Division of Urology, H. Lee Moffitt Cancer Center, Tampa, Florida, USA.
Int Braz J Urol. 2009 Sep-Oct;35(5):609. doi: 10.1590/s1677-55382009000500014.
Standard treatment for urachal adenocarcinomas is open partial cystectomy and urachal resection; however, minimally invasive surgical approaches including laparoscopic and recently described robotic assisted laparoscopic partial cystectomy and urachal resection is feasible with potential less morbidity. A case of robotic assisted partial cystectomy and urachal resection for urachal adenocarcinoma is presented. Few articles in the literature have being published describing this technique and to the best of our knowledge, this is the largest and potentially most complex case approached in such a manner.
A 55 years old African American male presented with hematuria and mucosuria, cystoscopy demonstrated a tumor involving the dome of the bladder. Transurethral biopsy confirmed a urachal adenocarcinoma. Further studies revealed a negative metastatic evaluation. Preoperative abdominal/pelvic CT imaging revealed an enhancing mass extending from the inferior level of the umbilicus to the dome of the bladder. A total of 6 laparoscopic ports were used. The robotic assisted laparoscopic dissection was started at the level of the umbilicus, dissecting lateral to the right and left medial umbilical ligaments up until the dome of the bladder. A simultaneous cystoscopy with transillumination to define the bladder boundaries of this mass, with robotic assisted laparoscopic opening of the bladder, with the entire mass (including bladder component) excised and sent for frozen pathology for margin evaluation. After specimen extraction, the bladder was closed in two layers. Total surgery time was 300 minutes and intra-operative blood loss was 150cc.
Final pathology reported a pT2N0Mx adenocarcinoma with negative margins and negative pelvic lymph nodes. Patient was started on clear liquids on postoperative day 2 and on regular diet on postoperative day 3. He was discharged on postoperative day 4. A cystogram perfomed on postoperative day 7 revealed a good bladder capacity (350 cc) and no leakage was identified.
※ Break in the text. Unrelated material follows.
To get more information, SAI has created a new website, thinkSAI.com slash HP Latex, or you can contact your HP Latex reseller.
Robotic assisted partial cystectomy and urachal resection for urachal adenocarcinoma of the bladder is feasible even in challenging cases. This surgical approach is less morbid in terms of postoperative pain and cosmesis when compared to the open standard approach. The postoperative recovery is faster; however, application of oncological principles and comfort with laparoscopic and robotic surgery is needed prior to attempting such challenging cases. [Video - Available at: www.brazjurol.com.br/videos/september_october_2009/Spiess_609].
标准治疗脐尿管腺癌是开放部分膀胱切除术和脐尿管切除术;然而,微创外科方法,包括腹腔镜和最近描述的机器人辅助腹腔镜部分膀胱切除术和脐尿管切除术是可行的,潜在的发病率较低。本文介绍了一例机器人辅助部分膀胱切除术和脐尿管腺癌切除术。文献中很少有文章描述这种技术,据我们所知,这是此类方法中最大和潜在最复杂的病例。
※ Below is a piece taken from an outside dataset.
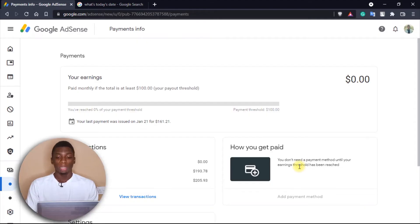So by tomorrow I'm going to be giving you guys an update, because by tomorrow — the money I've made in January — tomorrow is going to be the 1st of February. So the money I've made in January will be shifted into this savings section and then I'll be able to add a payment. So do not panic, it's just the way AdSense works.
一名 55 岁的非裔美国男性因血尿和黏液尿就诊,膀胱镜检查显示肿瘤累及膀胱顶部。经尿道活检证实为脐尿管腺癌。进一步研究显示无转移性评估。术前腹部/盆腔 CT 成像显示从脐下水平延伸至膀胱顶部的增强肿块。总共使用了 6 个腹腔镜端口。机器人辅助腹腔镜解剖从脐水平开始,在右侧和左侧中线脐韧带外侧解剖,直到膀胱顶部。同时进行膀胱镜检查和透照,以确定该肿块的膀胱边界,并用机器人辅助腹腔镜打开膀胱,切除整个肿块(包括膀胱成分)并进行冷冻病理检查以评估边缘。标本取出后,膀胱分两层关闭。总手术时间为 300 分钟,术中失血量为 150cc。
最终病理报告为 pT2N0Mx 腺癌,边缘阴性,盆腔淋巴结阴性。患者术后第 2 天开始进流食,第 3 天开始正常饮食。第 4 天出院。术后第 7 天行膀胱造影显示膀胱容量良好(350cc),无渗漏。
即使在具有挑战性的情况下,机器人辅助部分膀胱切除术和脐尿管切除术治疗膀胱脐尿管腺癌也是可行的。与开放式标准方法相比,这种手术方法在术后疼痛和美容方面的发病率较低。术后恢复较快;然而,在尝试此类具有挑战性的病例之前,需要应用肿瘤学原则并熟练掌握腹腔镜和机器人手术。[视频-可在 www.brazjurol.com.br/videos/ 获得:2009 年 9 月-10 月/Spiess_609]。